Vladimir Nabokov may have dismissed Reno as a 'dreary town,' but Basque novelist Atxaga profits from his nine-month stay there to produce this uncanny if occasionally desultory fictionalized travelogue ... Atxaga explores the sublime deserts and campy tourist attractions in a 'state that flourished thanks to... divorce, gambling, prostitution and mining for gold and silver.' ... Upon arriving, he catalogs his new environment’s dangers, the rattlers and black widows, instilling a sense of menace that intensifies when a string of unsolved sexual assaults occurs ... Ultimately, this discursive narrative full of fear, wonder, and detours rewards the patient traveler.

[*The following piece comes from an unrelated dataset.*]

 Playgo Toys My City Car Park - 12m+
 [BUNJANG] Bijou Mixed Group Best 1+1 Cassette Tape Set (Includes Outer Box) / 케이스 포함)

Writing in the form of a diary interspersed with longer personal essays, the narrator offers some fish-out-of-water descriptions of life in America: his kids doing active-shooter drills in school, campaign visits from Barack Obama and Hillary Clinton (the novel is set in 2007 and 2008), and (a particular fixation) the ignorance or blithe indifference of his neighbors to news about a serial rapist in the area ... From incident to incident, Atxaga’s storytelling can be engaging, shifting from highly detailed set pieces about funeral processions and typefaces to travelogues of road trips to San Francisco and through barren desert to dreamscapes (he depicts a particularly lively one involving a dumping ground for metaphors). But the novel overall is effectively plotless and hence static-feeling; despite Atxaga’s efforts to use the news stories about the rapist and disappeared adventurer Steve Fossett as a frame, the book mostly meanders.